··· DATA EXTRACTS ···

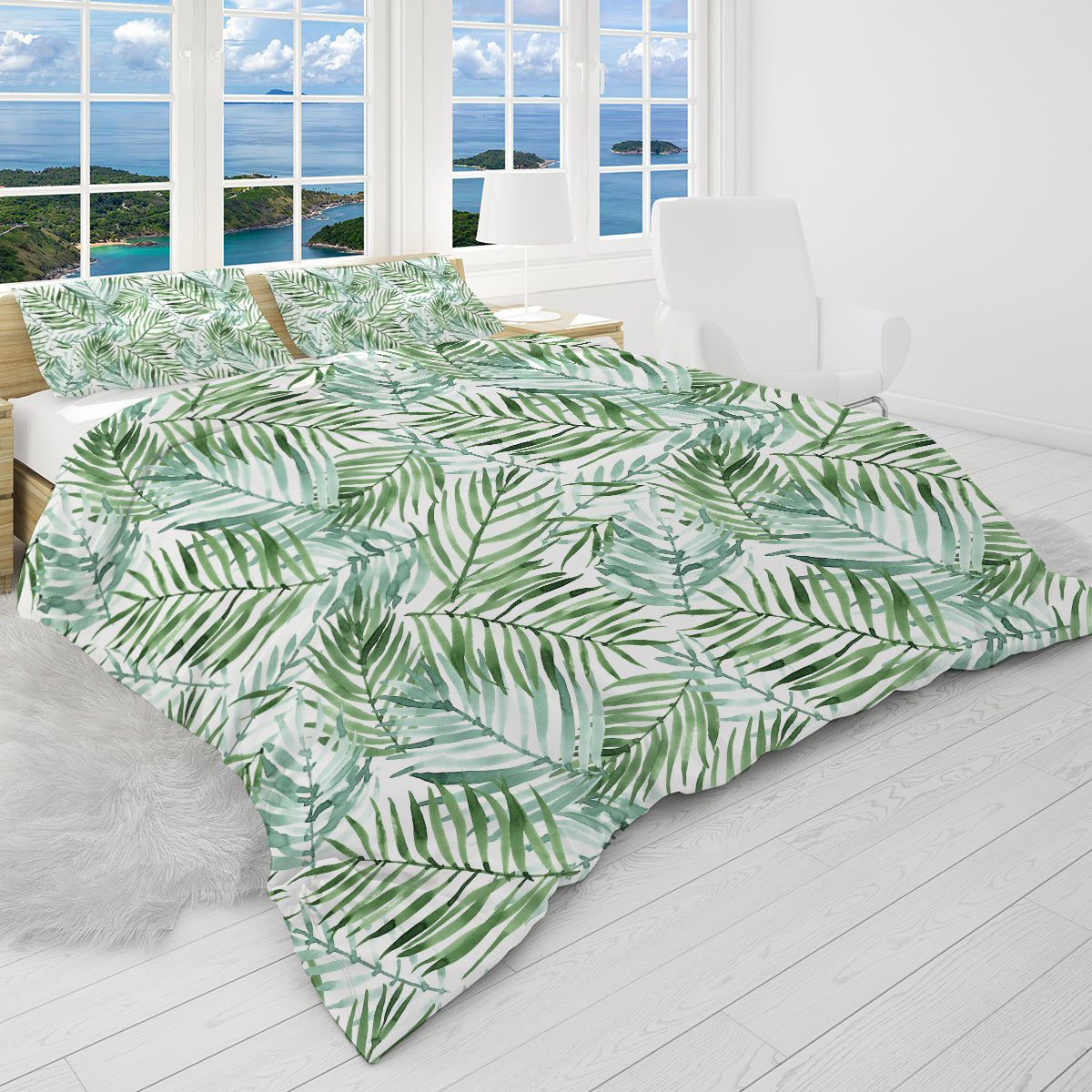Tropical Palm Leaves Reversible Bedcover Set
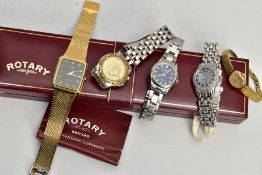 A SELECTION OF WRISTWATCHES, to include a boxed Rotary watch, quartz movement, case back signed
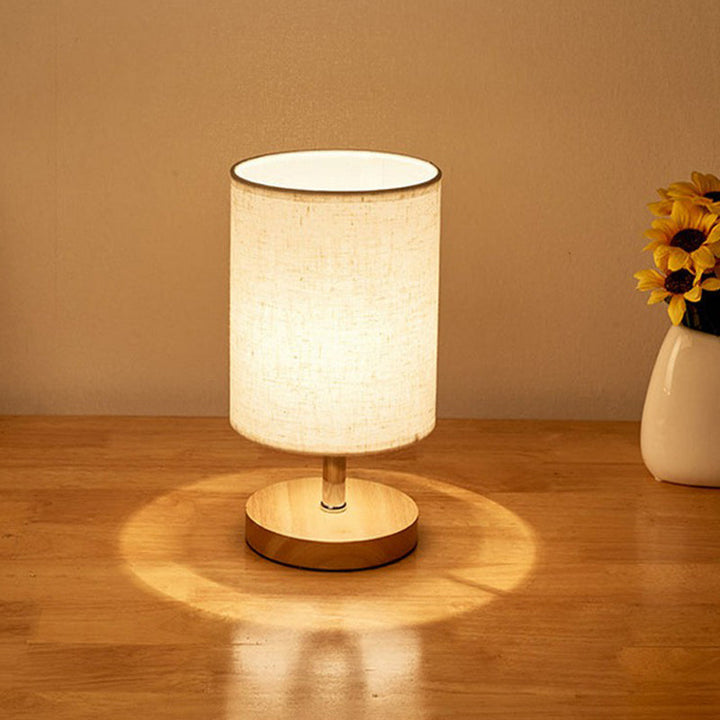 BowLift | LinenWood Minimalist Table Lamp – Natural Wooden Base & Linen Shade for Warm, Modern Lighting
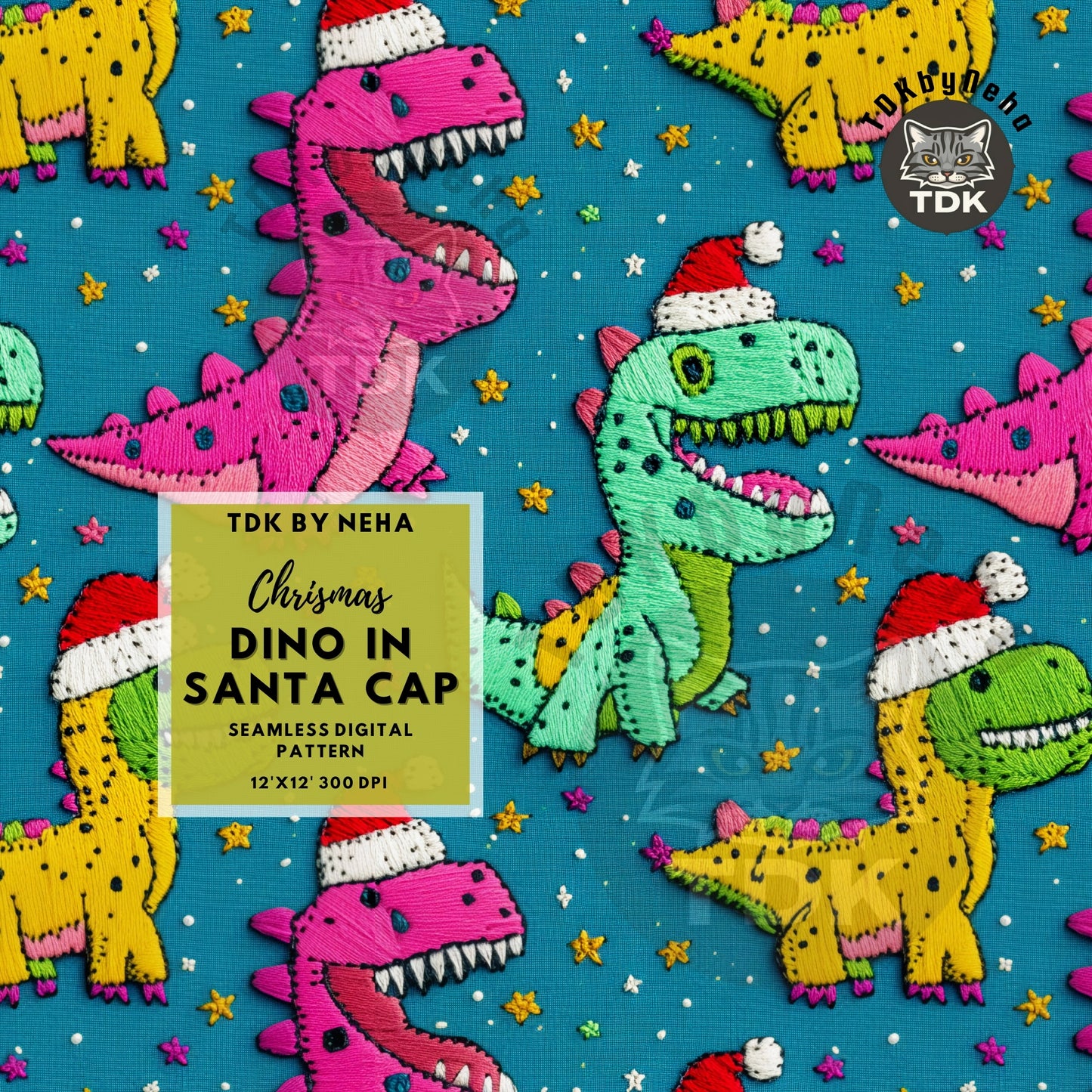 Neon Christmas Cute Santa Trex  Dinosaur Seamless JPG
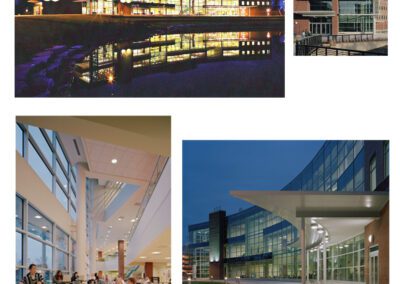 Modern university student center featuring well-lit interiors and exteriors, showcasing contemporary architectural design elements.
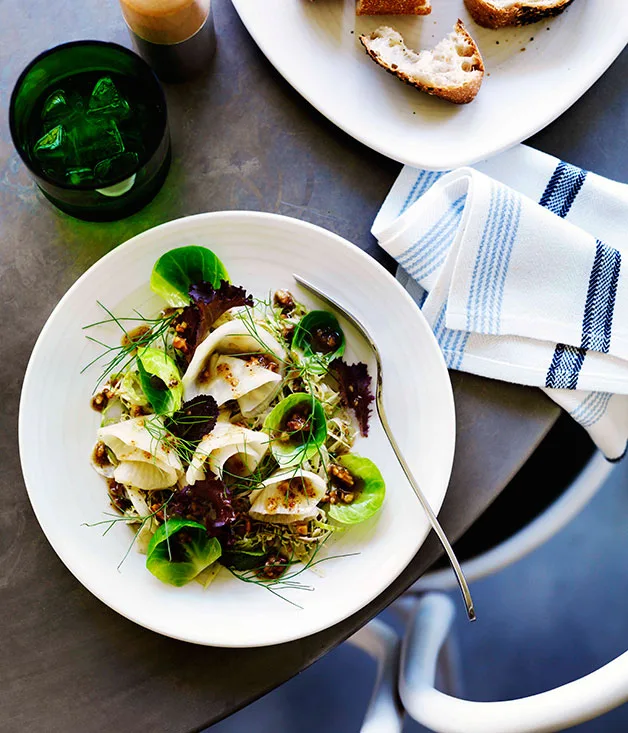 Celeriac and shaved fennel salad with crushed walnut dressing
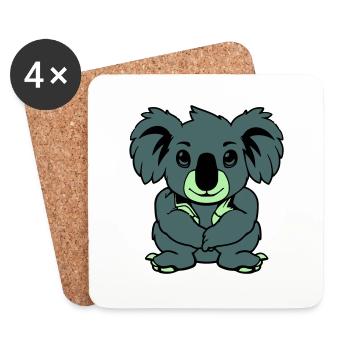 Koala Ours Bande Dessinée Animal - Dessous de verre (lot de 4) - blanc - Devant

···

◆ **YOUR GOAL**
There should be an exact restatement of the lines from the line with "Neon Christmas Cute" through the last line of the entries above, and no pictures in it.

◆ **ANSWER SPACE**
 Neon Christmas Cute Santa Trex  Dinosaur Seamless JPG
 Modern university student center featuring well-lit interiors and exteriors, showcasing contemporary architectural design elements.
 Celeriac and shaved fennel salad with crushed walnut dressing
 Koala Ours Bande Dessinée Animal - Dessous de verre (lot de 4) - blanc - Devant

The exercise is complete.